Siempre lo he llevado y Lucas nunca ha perdido el control de la situación. Y no es que se lo haya puesto fácil, si quieres que te sea sincera —añadió con cierta pesadumbre—. Prometo que a partir de ahora no le presionaré. Así podremos seguir juntos, ¿verdad?
—¿Y después qué? —alegó Noel con amabilidad. Al percibir el cariño que sentía Helena por su hijo y lo preocupada que estaba, la ira se esfumó y desapareció por completo—. Siempre podéis ser fieles a vuestra palabra y no tocaros, pero, con el tiempo, ¿cómo crees que te afectará? ¿Y a Lucas? Noel hizo una pausa y observó sus manos, sobre el regazo.
—Será difícil, pero somos conscientes de lo que está en juego… —empezó Helena en un intento de negociación.
—Ya me han asegurado que mi hija enloquecerá y la perderé para siempre. No puedo permitirme perder también a mi hijo —interrumpió Noel con una mirada temerosa—. Por favor, Helena. Te lo suplico. Aléjate de Lucas. Si conseguís distanciaros un poco, quizás él pueda olvidarse de ti antes de que sea demasiado tarde.
—Hablas como si fuera a volverle loco o algo así —dijo Helena, frustrada.
Noel le lanzó una mirada penetrante para avisarle de que no debía menospreciar la situación.
—El cesto no es una estúpida poción de amor que puedes adquirir en una feria del condado. Es una reliquia de la mismísima diosa del amor, y si crees que es imposible que alguien enloquezca por amor es porque aún no lo has sentido en tus entrañas.
—Entonces me quitaré el collar…
—No lo harás —ordenó Noel—. Seguramente el cesto te ha salvado más veces la vida de las que imaginas. ¿Tengo que recordarte otra vez lo importante que es tu vida?
Las dos se quedaron sentadas, mirándose fijamente durante unos segundos mientras Helena trataba de luchar con sus pensamientos. Había leído la
Ilíada
y odiaba a Paris y Helena tanto como Lucas. Los consideraba codiciosos. Fueron tan egoístas que incluso estuvieron dispuestos a dejar que una ciudad entera se convirtiera en cenizas para estar juntos. Pero ¿Helena Hamilton sería mejor que Helena de Troya si no se alejaba del hombre al que amaba cuando se le exigía?
—¿Por qué nadie me ha contado esto antes? —espetó Helena.
—Lucas lo prohibió. Dijo que quería algo más de tiempo y un poco de intimidad, y lo cierto es que nadie le culpa por ello. Las relaciones personales son privadas.

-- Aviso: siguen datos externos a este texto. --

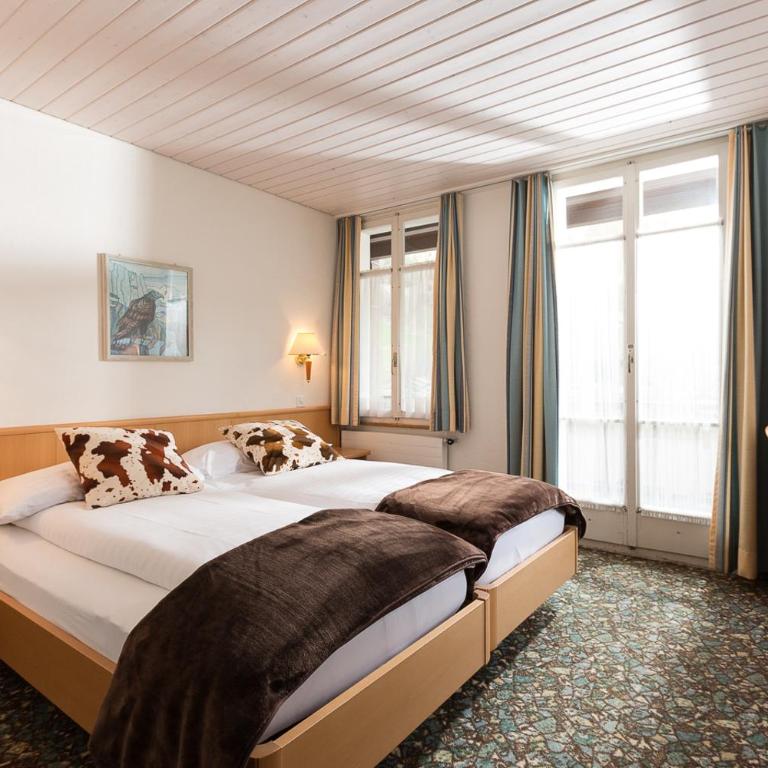 Hotel Oberland - Doppelzimmer mit Balkon und Bergblick - 1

—Pero no se nos permite mantener una relación, ¿verdad? —dijo mientras las lágrimas le humedecían los ojos—. No es justo. —Sé que no lo es —confirmó Noel mientras le recogía un mechón de pelo tras el hombro para poderle ver el rostro.
—¿Acaso ninguno de nosotros tenemos derecho a escoger? —preguntó Helena, pesando en Casandra y en su sufrimiento. Su cuerpo entero estaba húmedo y pegajoso por el sudor nervioso y, de repente, empezó a tiritar. ¿Cómo podía alejarse de Lucas?
—Cástor y yo intentamos escoger diferente —anunció Noel con tono triste—. Tratamos de escapar justo antes de que Lucas naciera. Queríamos empezar de nuevo y teníamos tantas ganas de romper con todo que incluso lo bautizamos con un nombre que no era griego.
—¿Y qué sucedió? —quiso saber Helena, desesperada porque Noel siguiera hablando y, de ese modo, quizás averiguar algo que le diera esperanzas.
—Lo que siempre sucede —respondió la mujer con una sonrisa cómplice—. Familia.